My Question for Graham Harman regarding Scientific Materialism


Graham Harman spoke at DePaul today on “A New Look at Identity and Sufficient Reason" to a packed room.  His paper was a relatively straightforward account of some differences between his Object-Oriented philosophy and the work of Quentin Meillassoux.  These differences are, I expect, well known to those who are following the speculative realist literature so I am not interested in recounting them here.  Harman’s paper was structured so that he could provide a succinct and readily accessible account of his own thoughts on object-oriented ontology (OOO).  It was very helpful to novices such as I am.
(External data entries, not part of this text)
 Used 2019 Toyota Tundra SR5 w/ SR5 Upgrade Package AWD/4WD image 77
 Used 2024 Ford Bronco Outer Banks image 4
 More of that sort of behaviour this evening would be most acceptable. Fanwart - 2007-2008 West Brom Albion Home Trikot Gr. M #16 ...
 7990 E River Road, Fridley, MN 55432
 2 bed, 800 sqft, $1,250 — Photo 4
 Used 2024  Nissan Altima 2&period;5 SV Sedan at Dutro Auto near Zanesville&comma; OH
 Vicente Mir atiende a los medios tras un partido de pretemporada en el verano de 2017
The questions that followed were probing, querulous to some extent, but the exchange was good humored and Graham gave a stout defense in respond to any objections that were raised.  The only question that seemed to give him real pause, or so it seemed to me, was one from Will McNeill (who chaired Harman’s dissertation committee back in the day), who suggested (if I am getting this right) that Heidegger had abandoned his phenomenological approach of the 1920s and by the mid-thirties in, for example, The Origin of the Work of Art had been doing a type of philosophy that began with the object.  That is, McNeill was ratifying a certain distinction between early and later Heidegger that Harman is not prepared to concede.  Harman has called Heidegger “a rather monotonous philosopher”.  The exchange was fueled by a high-octane level Heidegger-speak that is above my pay-grade, so to speak, but if I followed the thrust of it, it hinged on the question of whether Heidegger himself took the object-oriented turn, thus blunting some of the claims that OOO is more out of the mainstream of continental philosophy than it might seem.  I did appreciate Harman’s taking this on board and he seemed to indicate that he’d give it some more thought. 
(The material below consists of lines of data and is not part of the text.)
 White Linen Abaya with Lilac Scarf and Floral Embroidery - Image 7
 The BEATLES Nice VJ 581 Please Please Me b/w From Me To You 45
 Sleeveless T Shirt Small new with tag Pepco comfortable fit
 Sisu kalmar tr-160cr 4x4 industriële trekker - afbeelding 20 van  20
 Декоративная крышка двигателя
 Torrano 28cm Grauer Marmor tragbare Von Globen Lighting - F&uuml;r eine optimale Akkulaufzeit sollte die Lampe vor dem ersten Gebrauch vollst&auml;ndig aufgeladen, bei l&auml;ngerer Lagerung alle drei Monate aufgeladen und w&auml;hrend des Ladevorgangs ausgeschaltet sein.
My main purpose in this short post is the restate a question that I asked and would like to hear more on at some point.  The question is a simple one, and may have been so simply stated that the question was not especially clear.  In the circumstances I cannot be dissatisfied with Harman’s response.  Noting that I am a scientist by training (an ecologist) I suggested that natural scientists were already, in some respects, naïve realists.  And if that is the case I asked what OOO does for or to science.  I had in mind here a couple of things.  Firstly, scientists generally would have little objection to the notion that inanimate objects should be given the same priority in our thinking about the world as the human-object relationship. They act, that is, as if they are outside a correlationist circle, mainly because most of us have never considered that we are in one in the first place!  Natural science doesn't have an ontology at all in the (trivial) sense that scientists typically proceed without systematically inspecting their ontological commitments!  Secondly, I also had in mind Harman acknowledgment that OOO seems to have something in common with scientific materialism (which is, of course, not the same thing as doing science).  In The Quadruple Object he finds a number of problems with scientific materialism.  One of these is that the object-object relationship in scientific materialism is “insufficiently realistic” because it “does not raise the genuine philosophical problem of how two entities can relate…”  This seems right to me, but I am interested then in how OOO might do a better job in relation to science than materialist accounts do.

In Graham’s response he correctly pointed out that philosophy should not be in the business of being a handmaiden to the sciences (fair enough!).  Scientists will have to see for themselves how their practice might respond to emerging developments in ontology.  However, it seems unlikely that they will as most will remain happily unaware that they either are or are not on shaky ground as the philosophical landscape swirls and changes around them.  There are costs to this cavalierness - something I'll write about later.

Graham did make some potentially helpful comments about OOO and one branch of the natural sciences in particular – ecology.  Noting that Tim Morton (one of the OOO band) is doing interesting work in this area -- I am very enthusiastic about Tim's work, by the way -- , Harman indicated that with Morton’s notions of the mesh, strange strangers etc. that ecology would have to revisit its notion that "everything is connected."  This is interesting to me since as an ecologist I can assure us all that ecology as a scientific discipline is as much concerned with the limits of connection as it is with connections per se.  If everything was indeed connected this world would fall apart like a game of jenga!  I am not quibbling with Harman here, I just want to note that there is some potentially exciting work to be done in introducing object-oriented philosophers to natural scientists and vice versa.  This is not work that many philosophers or scientists have an appetite for, and most need not respond to the call, but for those that do, the results of the dialogue will be interesting.

It was a very stimulating afternoon and I thank Graham for it.